**What you should do:**
Starting with the line that mentions "Wall-Mounted Bathroom Vanity", repeat each line verbatim until the entries end, both ends included.

**Records for the task:**
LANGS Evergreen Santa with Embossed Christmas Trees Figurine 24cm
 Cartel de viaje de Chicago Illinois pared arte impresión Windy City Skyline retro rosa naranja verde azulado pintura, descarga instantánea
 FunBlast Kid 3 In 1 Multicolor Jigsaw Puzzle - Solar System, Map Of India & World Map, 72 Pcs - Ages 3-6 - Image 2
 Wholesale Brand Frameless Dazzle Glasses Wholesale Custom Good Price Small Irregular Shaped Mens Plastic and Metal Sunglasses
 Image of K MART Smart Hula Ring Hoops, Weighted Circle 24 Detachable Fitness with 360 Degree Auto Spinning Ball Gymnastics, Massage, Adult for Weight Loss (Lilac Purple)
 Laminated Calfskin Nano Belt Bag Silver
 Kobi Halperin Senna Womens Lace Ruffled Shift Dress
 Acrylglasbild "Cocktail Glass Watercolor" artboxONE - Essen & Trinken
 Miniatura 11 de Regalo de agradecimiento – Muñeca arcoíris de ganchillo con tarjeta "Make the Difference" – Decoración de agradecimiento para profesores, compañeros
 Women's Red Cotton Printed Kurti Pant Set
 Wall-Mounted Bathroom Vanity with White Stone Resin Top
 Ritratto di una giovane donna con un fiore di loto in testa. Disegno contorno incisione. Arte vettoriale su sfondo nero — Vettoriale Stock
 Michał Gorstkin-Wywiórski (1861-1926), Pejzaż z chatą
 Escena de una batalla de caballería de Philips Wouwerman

**Result of the task:**
 Wall-Mounted Bathroom Vanity with White Stone Resin Top
 Ritratto di una giovane donna con un fiore di loto in testa. Disegno contorno incisione. Arte vettoriale su sfondo nero — Vettoriale Stock
 Michał Gorstkin-Wywiórski (1861-1926), Pejzaż z chatą
 Escena de una batalla de caballería de Philips Wouwerman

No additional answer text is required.